In the Philippines, we have ResPH for Resistance Philippines and EnlPH for Enlightened Philippines. Two nationwide communities that were established by the pioneers in the game without any Niantic backing. Through these two, players can meet other agents to exchange intel (intelligence/information), ask for assistance, win in regular events, and to simply socialise.
I met a lot of great people in Ingress, who I would not have known otherwise.
Ingress is also considered as exergaming or exercise gaming. The best way to play this game is by walking (and biking to an extent). This keep our bodies active instead of the usual games where we are sitting for hours day and night. Walking is no longer boring.
There are many stories of Ingress players who were able to lose weight and maintain a good health. I, for one, is a living testimony of that. The more I am active, the better. If I become mostly inactive — due to work mainly — I gain weight… again.
With Ingress, I get to exercise while playing.
(Re)-Discover New Places
Where there are portals, there definitely is something new to discover. Ingress will make any gamer travel and go to locations s/he would not have visited. Parks in the middle of highly urbanised cities; arts that were largely ignored or taken for granted; and plain old travelling to new places because one wants to capture new portals.

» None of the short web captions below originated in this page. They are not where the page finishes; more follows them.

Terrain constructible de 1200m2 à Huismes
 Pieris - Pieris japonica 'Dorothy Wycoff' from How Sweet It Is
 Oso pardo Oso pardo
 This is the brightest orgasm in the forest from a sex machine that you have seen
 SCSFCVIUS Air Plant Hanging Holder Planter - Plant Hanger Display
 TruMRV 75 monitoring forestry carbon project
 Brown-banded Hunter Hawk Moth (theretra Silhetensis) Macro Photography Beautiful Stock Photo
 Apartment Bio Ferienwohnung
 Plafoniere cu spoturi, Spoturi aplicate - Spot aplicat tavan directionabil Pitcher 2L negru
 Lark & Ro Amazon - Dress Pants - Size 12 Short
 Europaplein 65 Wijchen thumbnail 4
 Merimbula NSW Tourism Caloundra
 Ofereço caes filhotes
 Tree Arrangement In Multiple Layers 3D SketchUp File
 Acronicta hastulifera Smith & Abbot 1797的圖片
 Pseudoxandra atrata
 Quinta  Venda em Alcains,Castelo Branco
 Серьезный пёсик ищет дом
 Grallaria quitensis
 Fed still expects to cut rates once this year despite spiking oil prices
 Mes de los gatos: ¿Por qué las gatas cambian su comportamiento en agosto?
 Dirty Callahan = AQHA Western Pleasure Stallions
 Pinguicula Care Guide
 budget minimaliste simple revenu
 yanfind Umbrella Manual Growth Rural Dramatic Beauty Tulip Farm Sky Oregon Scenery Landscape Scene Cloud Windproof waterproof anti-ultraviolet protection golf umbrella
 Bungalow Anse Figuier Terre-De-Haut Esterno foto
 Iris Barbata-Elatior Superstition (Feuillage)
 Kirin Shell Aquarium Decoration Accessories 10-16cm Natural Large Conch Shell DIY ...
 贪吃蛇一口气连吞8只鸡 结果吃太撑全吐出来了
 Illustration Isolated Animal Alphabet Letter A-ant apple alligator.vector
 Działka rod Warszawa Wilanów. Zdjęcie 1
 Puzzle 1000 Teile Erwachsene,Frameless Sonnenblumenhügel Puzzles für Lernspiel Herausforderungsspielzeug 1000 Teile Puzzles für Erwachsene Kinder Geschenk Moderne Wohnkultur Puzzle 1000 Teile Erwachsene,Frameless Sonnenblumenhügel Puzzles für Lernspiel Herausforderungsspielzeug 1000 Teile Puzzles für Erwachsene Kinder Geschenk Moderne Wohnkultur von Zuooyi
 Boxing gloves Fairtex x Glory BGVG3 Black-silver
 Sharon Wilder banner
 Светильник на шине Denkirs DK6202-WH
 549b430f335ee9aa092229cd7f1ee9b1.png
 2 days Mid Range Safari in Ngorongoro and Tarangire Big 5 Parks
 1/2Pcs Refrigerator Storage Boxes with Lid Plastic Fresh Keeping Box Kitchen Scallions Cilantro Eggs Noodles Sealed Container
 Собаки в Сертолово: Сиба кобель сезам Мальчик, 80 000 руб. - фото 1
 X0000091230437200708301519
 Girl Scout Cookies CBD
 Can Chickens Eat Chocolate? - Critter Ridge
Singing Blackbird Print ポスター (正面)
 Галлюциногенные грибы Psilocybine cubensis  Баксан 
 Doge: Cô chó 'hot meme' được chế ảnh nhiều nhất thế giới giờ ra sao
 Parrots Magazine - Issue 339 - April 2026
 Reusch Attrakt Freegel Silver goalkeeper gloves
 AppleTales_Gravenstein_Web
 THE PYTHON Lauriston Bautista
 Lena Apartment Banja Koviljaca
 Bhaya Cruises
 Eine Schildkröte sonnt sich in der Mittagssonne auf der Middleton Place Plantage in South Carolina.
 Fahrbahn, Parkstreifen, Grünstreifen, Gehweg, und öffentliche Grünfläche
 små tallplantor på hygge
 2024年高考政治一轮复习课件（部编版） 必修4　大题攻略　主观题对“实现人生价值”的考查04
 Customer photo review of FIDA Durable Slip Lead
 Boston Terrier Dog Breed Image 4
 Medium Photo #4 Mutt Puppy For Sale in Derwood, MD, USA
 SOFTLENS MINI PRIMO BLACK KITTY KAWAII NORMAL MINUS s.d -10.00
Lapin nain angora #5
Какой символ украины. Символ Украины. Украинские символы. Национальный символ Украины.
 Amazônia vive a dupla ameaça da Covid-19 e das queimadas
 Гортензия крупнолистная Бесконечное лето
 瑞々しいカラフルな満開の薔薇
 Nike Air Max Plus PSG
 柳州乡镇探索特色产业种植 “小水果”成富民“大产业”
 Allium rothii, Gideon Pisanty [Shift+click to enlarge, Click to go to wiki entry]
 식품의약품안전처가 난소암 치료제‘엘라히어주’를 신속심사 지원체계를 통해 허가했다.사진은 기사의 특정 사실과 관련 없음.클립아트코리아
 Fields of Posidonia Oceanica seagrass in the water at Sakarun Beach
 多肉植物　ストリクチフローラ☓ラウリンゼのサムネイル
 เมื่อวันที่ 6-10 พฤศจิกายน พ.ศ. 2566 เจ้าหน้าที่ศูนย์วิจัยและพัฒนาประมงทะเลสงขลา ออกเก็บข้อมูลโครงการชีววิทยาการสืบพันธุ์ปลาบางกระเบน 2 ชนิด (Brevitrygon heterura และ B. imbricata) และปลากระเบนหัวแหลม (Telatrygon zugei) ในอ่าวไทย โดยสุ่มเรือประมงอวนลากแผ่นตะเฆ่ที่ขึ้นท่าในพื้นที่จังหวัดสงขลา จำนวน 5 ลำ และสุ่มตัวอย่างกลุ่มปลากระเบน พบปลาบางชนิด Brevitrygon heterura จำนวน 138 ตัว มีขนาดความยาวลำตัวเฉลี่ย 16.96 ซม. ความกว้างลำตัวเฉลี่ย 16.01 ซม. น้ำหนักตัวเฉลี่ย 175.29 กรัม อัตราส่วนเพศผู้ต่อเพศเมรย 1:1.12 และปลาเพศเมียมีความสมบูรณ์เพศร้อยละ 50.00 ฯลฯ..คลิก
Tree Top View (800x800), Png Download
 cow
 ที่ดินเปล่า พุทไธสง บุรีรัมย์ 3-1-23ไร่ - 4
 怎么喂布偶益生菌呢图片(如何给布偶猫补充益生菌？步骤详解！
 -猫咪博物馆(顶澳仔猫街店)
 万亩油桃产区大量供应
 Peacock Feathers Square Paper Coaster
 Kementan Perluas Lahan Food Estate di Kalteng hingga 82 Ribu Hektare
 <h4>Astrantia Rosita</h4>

Earlier this week, I was with a local ResPH group in Naic, Cavite for an Ingress session. It was the first time I ever joined an impromptu out-of-town road trip (they all live in Cavite) and the first time I visited Naic. I am not one to travel without planning, especially not during the afternoon.
For someone like me who is an aspie (asperger syndrome / autism spectrum), this was a huge challenge. It goes against every nerve in my body and against every neurons in my brain. It was very fun and a fulfilling experience for me. I enjoyed it immensely, discovered a new place (I will visit again), and met new people too.
Ingress is a way of life
If not for Niantic‘s Ingress I would not have met and made new friends; have not rediscovered my own city; had to force myself to exercise, or would not have anyway; and have not left my comfort zone in so many areas of my life.
Ingress, for me, is a way of life.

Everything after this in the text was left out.